Dulu Dibanggakan, Kini Whoosh Jadi Beban Rakyat Yang Wajib Dibayar Selama 60 Tahun
Abadikini.com, JAKARTA – Proyek kereta cepat Jakarta–Bandung, yang kini dikenal dengan nama Whoosh, kembali menjadi sorotan. Bukan karena kecepatannya yang menembus 350 kilometer per jam, melainkan karena beban utang yang juga berlari sama cepatnya.
Direktur Parameter Politik Indonesia, Adi Prayitno, menyebut proyek warisan pemerintahan Jokowi itu memang sejak awal sarat persoalan. Mulai dari pembiayaan, dugaan pembengkakan biaya, hingga polemik pengalihan mitra kerja dari Jepang ke Cina yang tak pernah dijelaskan secara transparan. “Sejak awal proyek ini penuh kontroversi. Soal utang dan efisiensi biaya sudah menjadi perdebatan panjang,” ujarnya melalui kanal YouTube, Selasa (28/10/2025).
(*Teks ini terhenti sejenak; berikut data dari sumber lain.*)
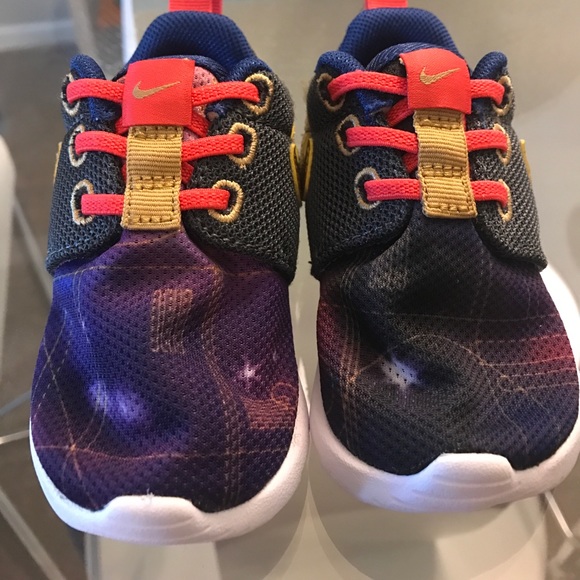 Baby Nike Roches - Picture 2 of 4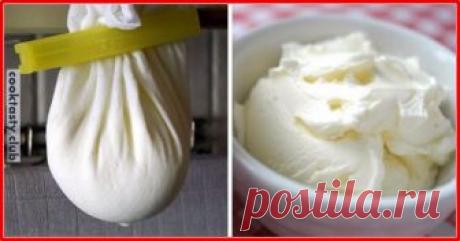 Домашний сыр маскарпоне из сметаны Предлагаем замечательный рецепт сыра маскарпоне, который будет намного вкуснее магазинного, да и дешевле. От жирности используемой сметаны будет зависеть жирность маскарпоне. С таким сыром вы можете готовить любимый торт «тирамису». Из 1 кг 500 г сметаны получается около 1 кг 100 г сыра. По желанию можно сыр подсолить и поперчить. Ингредиенты: Сметана 21% — 1 …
Menurut Adi, lonjakan jumlah penumpang Whoosh yang kini menembus jutaan orang tak otomatis membuat proyek ini untung. Pendapatan dari tiket belum mampu menutupi beban utang yang ditaksir mencapai sekitar Rp2 triliun per tahun. “Beban itu nyata, dan mau tidak mau tetap akan ditanggung negara,” katanya.
Polemik makin ramai ketika publik mulai membandingkan proyek Whoosh dengan kereta cepat milik Arab Saudi. Di sana, jarak tempuhnya lebih jauh, tetapi biaya pembangunannya jauh lebih rendah. Para pendukung Whoosh berdalih, kondisi geografis Indonesia lebih menantang: berbukit, bergunung, dan berkelok. Namun alasan itu tak cukup meredam kecurigaan publik tentang dugaan mark up biaya yang sempat disinggung Mahfud MD beberapa waktu lalu.
Proyek ini memang penuh paradoks. Di satu sisi, Whoosh menjadi simbol kemajuan transportasi modern Indonesia. Di sisi lain, kemegahannya menimbulkan pertanyaan serius: siapa yang sebetulnya menikmati hasilnya, dan siapa yang menanggung risikonya?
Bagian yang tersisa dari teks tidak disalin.